*** Data shown Section Begins ***

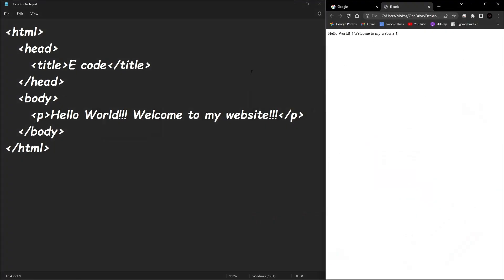All right, so this is where we previously left off. We had made a simple HTML document and displayed it in our web browser. Today we're going to be talking about meta tags, what they are and what they do.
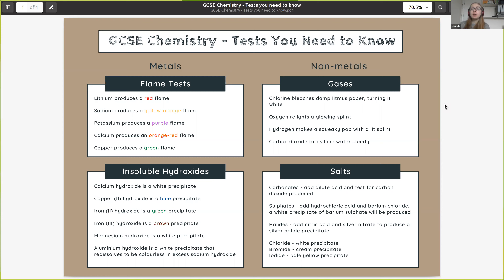Testing for sulfates is a little more unusual. We add hydrochloric acid and barium chloride. The barium reacts with the sulfate ions to produce a precipitate of barium sulfate, which is insoluble and produces a white precipitate — and that only happens if sulfate ions are present, meaning we have a metal sulfate.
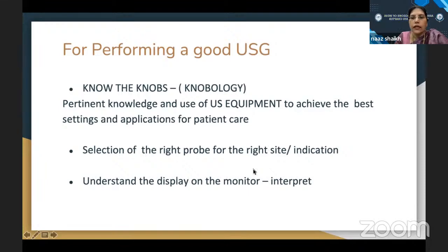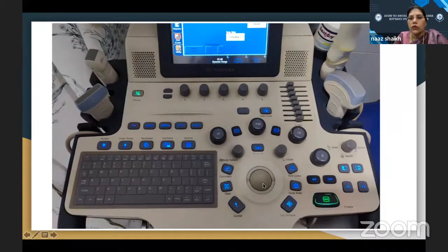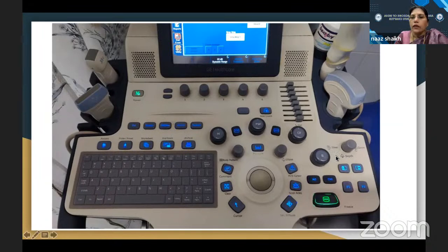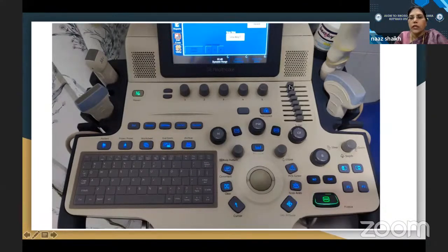Looking at the control panel: this is the trackball to move the transducer, there is a freeze button, calipers to take measurements. The B mode button adjusts brightness. There is color flow, power Doppler, pulse wave Doppler, continuous wave, and M mode. A zoom button also adjusts depth. There is the time gain compensation, which is important. Coming to depth adjustment: there is often wasted ultrasound real estate on screen, so adjusting the depth to fill the whole screen gives a better image.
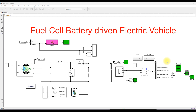Hi, welcome to Development Solution. Today we are going to see about a fuel cell battery driven electric vehicle in MATLAB. This is the simulation model we developed for a fuel cell battery driven electric vehicle in MATLAB.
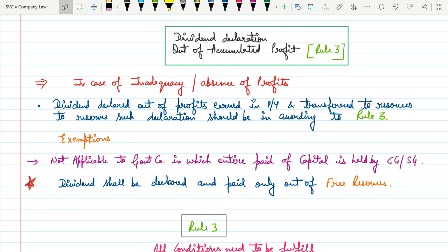Today we are discussing: if the company is going to declare dividend out of accumulated profit, then the company needs to comply with Rule Number 3. In case of inadequacy or absence of profit, how will the company declare dividend out of accumulated profit? In this case, dividend is declared out of profits earned in previous years and transferred to reserves. Such declaration should be according to Rule Number 3. That means if the company does not have a sufficient amount of profit in the current year, they will declare dividend out of the previous year and transfer such amount to reserve — but this transfer from profit to reserve must be as per Rule Number 3.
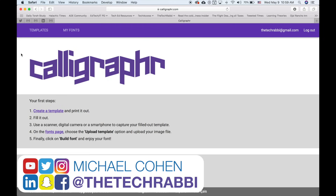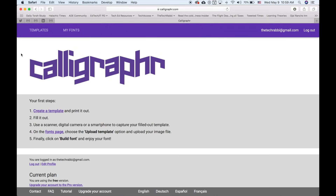Hey everyone, this is Michael Cohen the Tech Rabbi, and welcome to another technology tutorial. Today we are going to talk about this incredible web app called Calligrapher that is literally going to let you create a customized font — whether it's hand-drawn, created in Illustrator or Photoshop — put it in this app, get it exported as a legitimate font file, and start creating fonts in no time. I got this done in about 30 minutes from start to finish.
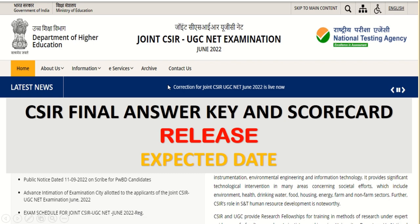Hello everyone, welcome back to my channel. In this video we are going to discuss about the release of final answer key and scorecard for your June 2022 examination. So what is the probability that your scorecard will be released and when will your final answer key be updated by NTA? We will discuss this in detail by comparing with...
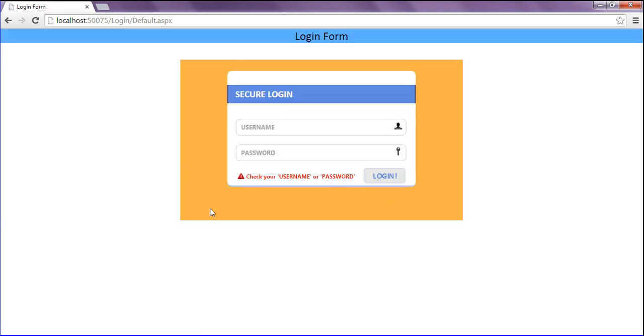Now it shows as processing, then it loads and checks that the username and password are incorrect and invalid, showing the error message. That's it for today. In the next tutorial, we will discuss how to disable the label automatically in a few seconds. If you like this tutorial, don't forget to subscribe. Hope you enjoyed.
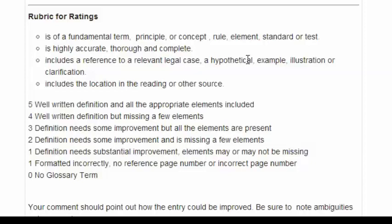Two is some improvement needed, and it's missing a few elements. One is it needs substantial improvement — it's inaccurate, not very thorough, and not very complete. One can also mean that it's not formatted correctly, that it includes no reference number or page number. Even if it appears on its face to be very accurate and very thorough, without a reference or page number there's no way for it to be checked out.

*** Data shown Section Ends ***

» **Task prompt**
With pictures excluded, reproduce exactly the lines above from the one containing "Hello everyone, welcome" down to the one containing "Now it shows", those two included.

» **Completed exercise**
Hello everyone, welcome back to my channel. In this video we are going to discuss about the release of final answer key and scorecard for your June 2022 examination. So what is the probability that your scorecard will be released and when will your final answer key be updated by NTA? We will discuss this in detail by comparing with...
Now it shows as processing, then it loads and checks that the username and password are incorrect and invalid, showing the error message. That's it for today. In the next tutorial, we will discuss how to disable the label automatically in a few seconds. If you like this tutorial, don't forget to subscribe. Hope you enjoyed.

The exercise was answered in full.